Wildfires in Mendocino and Sonoma counties have taken their toll.
California is no stranger to the scourge of drought. The hot seasons often bring an elevated risk to the western state every year, exacerbated by certain water-heavy farming practices. The risk of drought has only grown greater in recent years due to the rash of brush fires burning off large swaths of land and causing mass drying in the soil and air. While water supplies vary across the entire state, it’s officially reached emergency status for two of its northernmost counties.
California Governor Gavin Newsom, speaking from the dried-out shores of Lake Mendocino, declared an official drought emergency for Mendocino and Sonoma counties. With this declaration, state regulators will have more sway in the divisions of the Russian River watershed, as well as river flow regulations from the state’s reservoirs.

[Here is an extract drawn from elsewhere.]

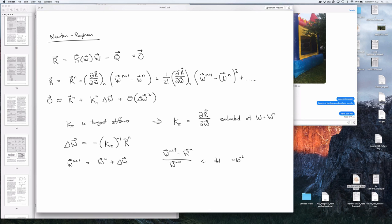For the first degree of freedom it's [1,0,0,0,...], for the second it's [0,1,0,0,...], and so on. We perturb by some small number, subtract the original function evaluation, and divide by that small number. That gives me the i-j entry of the tangent stiffness matrix.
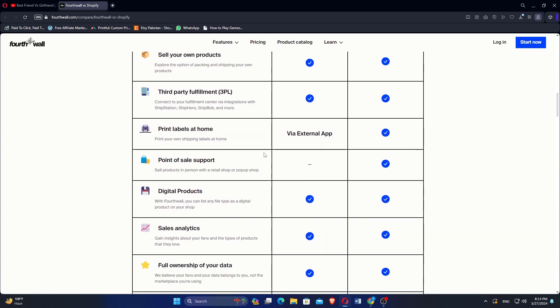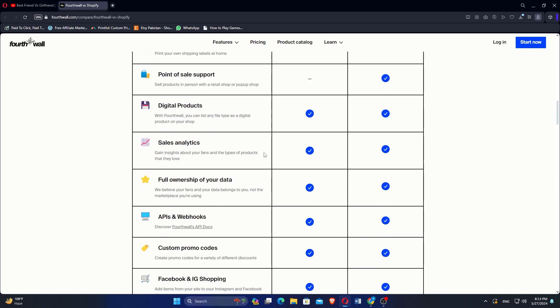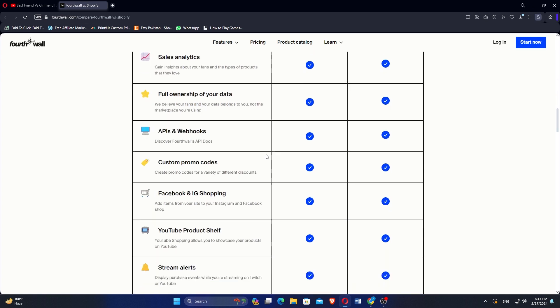Some NFTs platforms accept promo codes for a variety of different discounts in both Shopify and Fortwall. Both these websites are important and helpful in their own ways. You can check out the link given in the description for some extra help.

“Oftentimes we overstate the word historic, but this is indeed an historic moment, certainly historic for this particular lake, Mendocino, which is at 43% of its capacity this time of year,” Newsom said.
BREAKING: @GavinNewsom declares a regional drought emergency in Mendocino and Sonoma counties. "We have to target our solutions regionally," he says.
Mendocino Lake is at 43% capacity, Sonoma Lake at 62%. Both are "without precedent," Newsom adds.
— Emily Hoeven💫 (@emily_hoeven) April 21, 2021
Newsom also admitted that drought or drought-like conditions aren’t exclusive to these two counties, and that the entire state is at potential risk. Newsome has been under pressure from local legislators recently to declare a statewide drought, but since the southern counties have been supplemented by state and federal water systems more than rainfall, they aren’t in as dire a situation. Newsom also noted that overall urban water usage has dropped 13% since the last major drought event in California, something which he attributed to Californians having a “conservation mind-set.”